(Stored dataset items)

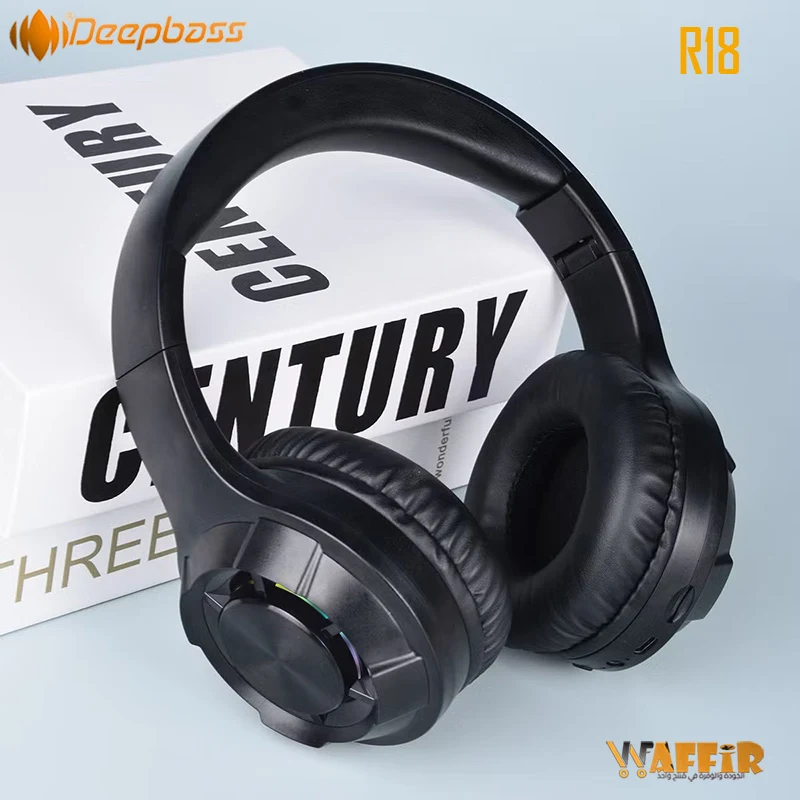 DeepBass R18 ecouteurs Casque Bluetooth V5.3 + sans fil Support TF Card-FM-Audio input Deep Bass R18 Bluetooth Headsets with mic High Quality DeepBass Maroc SI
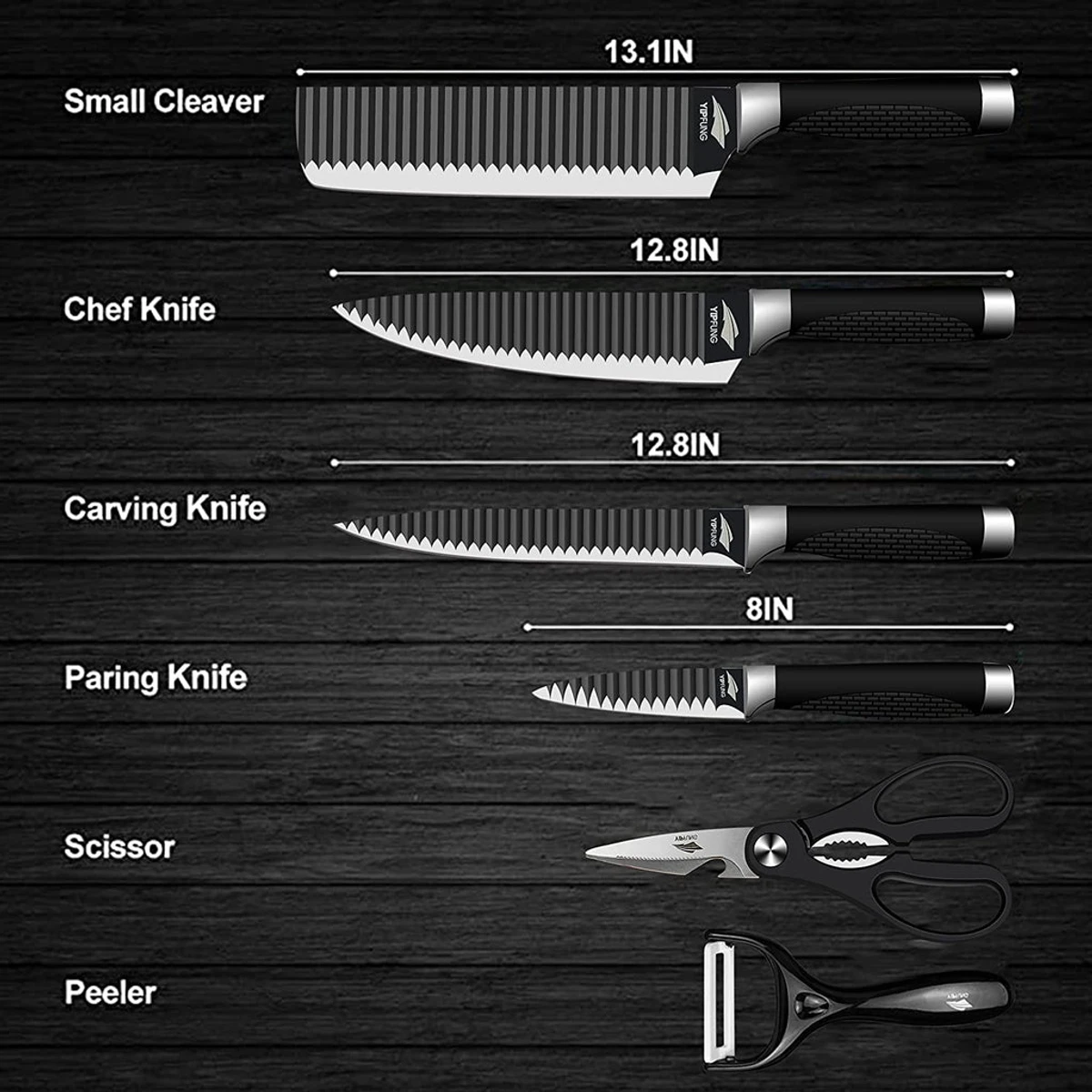 6PCS Black Blade Knife Set Wave Pattern Forged Kitchen Knives Set Stainless Steel Slicer Peeler Scissors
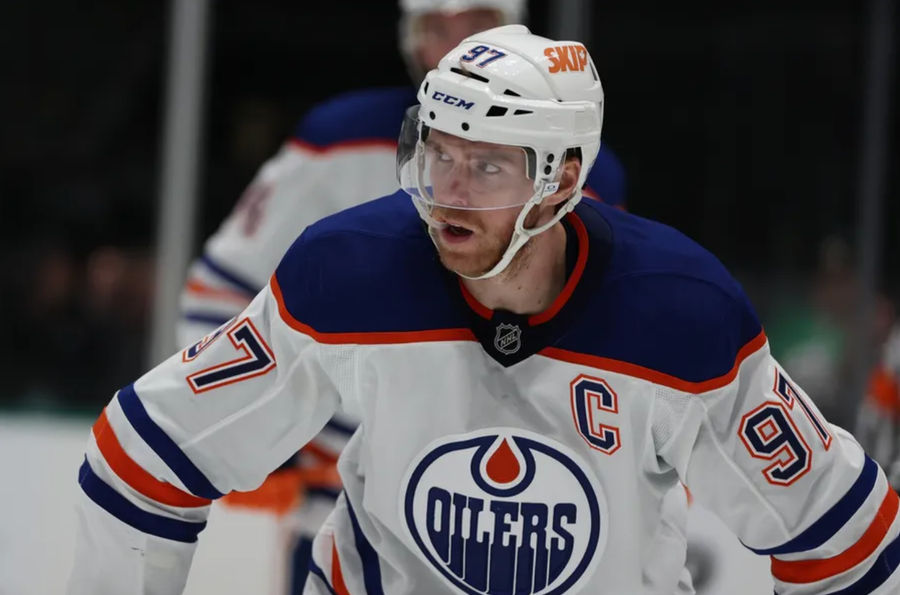 Oct 19, 2024; Dallas, Texas, USA; Edmonton Oilers center Connor McDavid (97) stands in the face off circle against the Dallas Stars in the third period at American Airlines Center. Mandatory Credit: Tim Heitman-Imagn Images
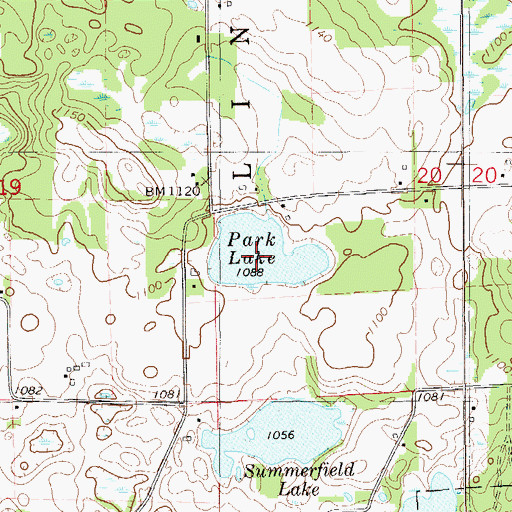 Topographic Map of Park Lake, WI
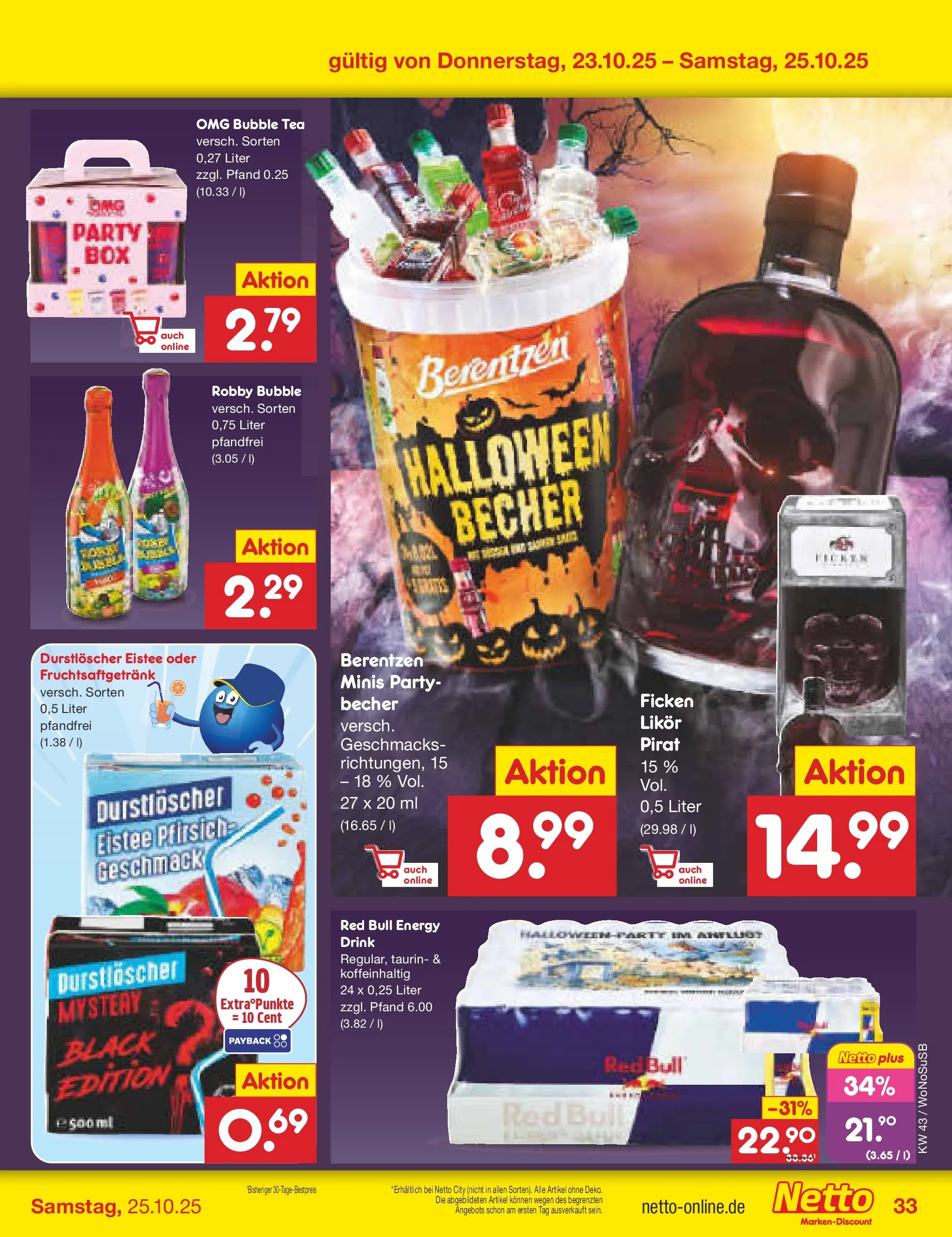 Netto Marken-Discount prospekt Frankfurt (ab 19.10.2025) » Angebote | Seite: 41 | Produkte: Durstloscher, Red bull, Likör, Berentzen Netto Marken-Discount prospekt Frankfurt (ab 19.10.2025) » Angebote | Seite: 41 | Produkte: Durstloscher, Red bull, Likör, Berentzen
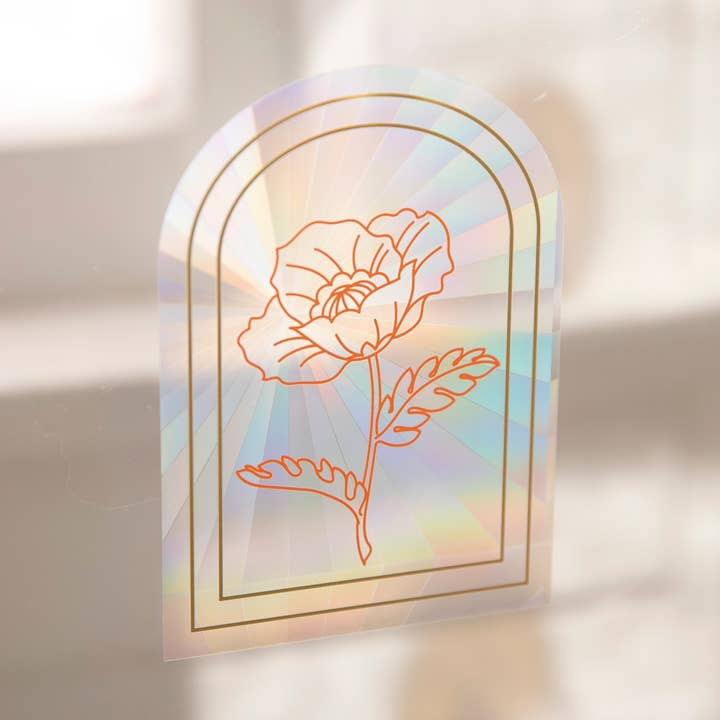 Sun Catcher Decal - POPPY for wholesale by Tiny Deer Studio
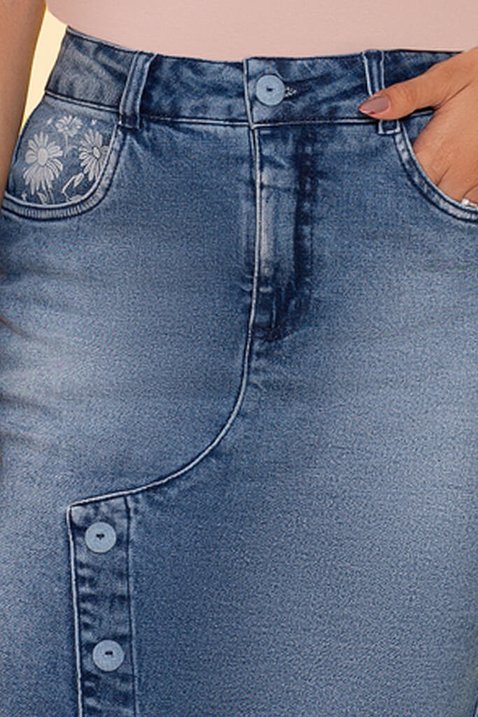 Saia Com Botões Funcionais Denim Késia Nítido Jeans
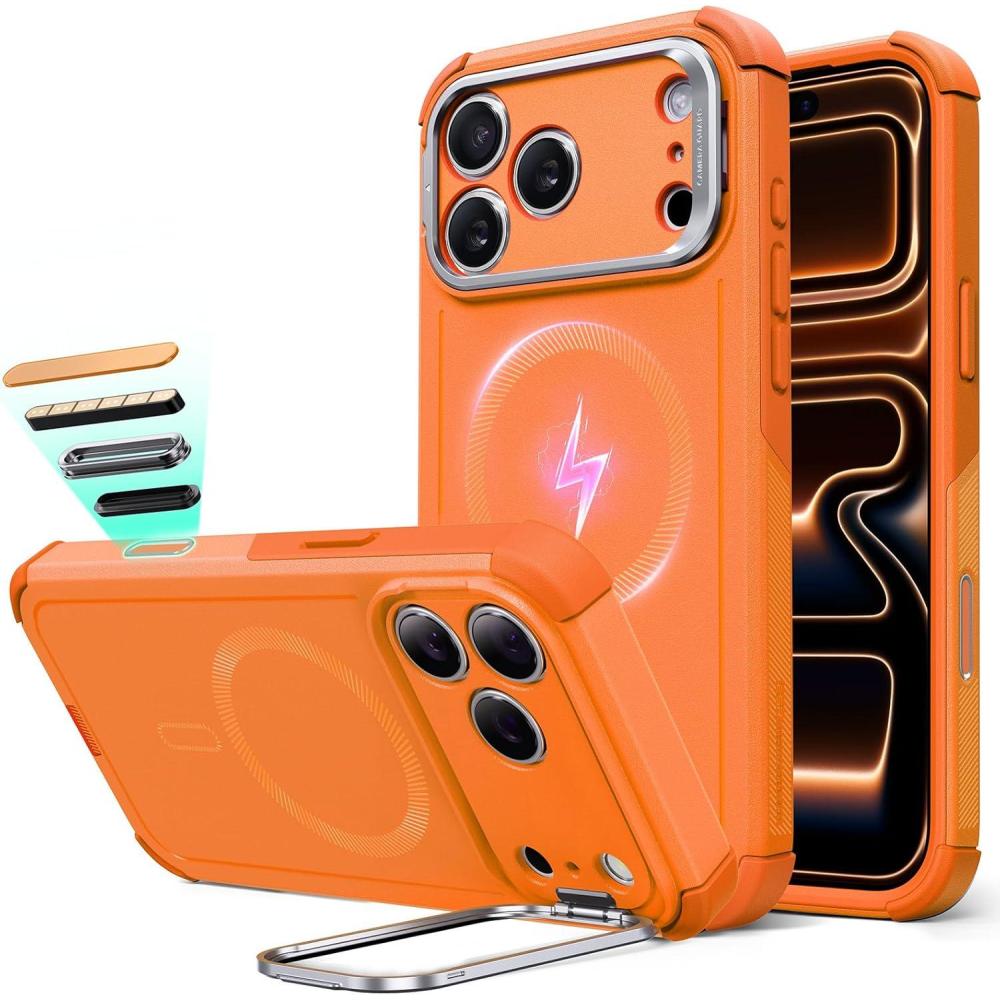 imageESR for iPhone 13 Pro Case with Stand 23 ft MilitaryGrade Drop Protection Heavy Duty Magnetic Phone Case Compatible with MagSafe Accessories Cyber Series BlackACamera ControlOrange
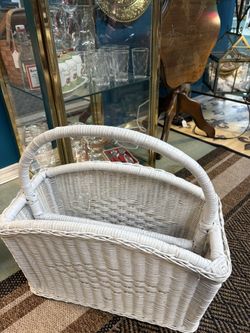 White Wicker Magazine Holder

Task description :: Pictures do not belong in the copy. Reproduce the rest of the data exactly.

Solution below ::
 DeepBass R18 ecouteurs Casque Bluetooth V5.3 + sans fil Support TF Card-FM-Audio input Deep Bass R18 Bluetooth Headsets with mic High Quality DeepBass Maroc SI
 6PCS Black Blade Knife Set Wave Pattern Forged Kitchen Knives Set Stainless Steel Slicer Peeler Scissors
 Oct 19, 2024; Dallas, Texas, USA; Edmonton Oilers center Connor McDavid (97) stands in the face off circle against the Dallas Stars in the third period at American Airlines Center. Mandatory Credit: Tim Heitman-Imagn Images
 Topographic Map of Park Lake, WI
 Netto Marken-Discount prospekt Frankfurt (ab 19.10.2025) » Angebote | Seite: 41 | Produkte: Durstloscher, Red bull, Likör, Berentzen Netto Marken-Discount prospekt Frankfurt (ab 19.10.2025) » Angebote | Seite: 41 | Produkte: Durstloscher, Red bull, Likör, Berentzen
 Sun Catcher Decal - POPPY for wholesale by Tiny Deer Studio
 Saia Com Botões Funcionais Denim Késia Nítido Jeans
 imageESR for iPhone 13 Pro Case with Stand 23 ft MilitaryGrade Drop Protection Heavy Duty Magnetic Phone Case Compatible with MagSafe Accessories Cyber Series BlackACamera ControlOrange
 White Wicker Magazine Holder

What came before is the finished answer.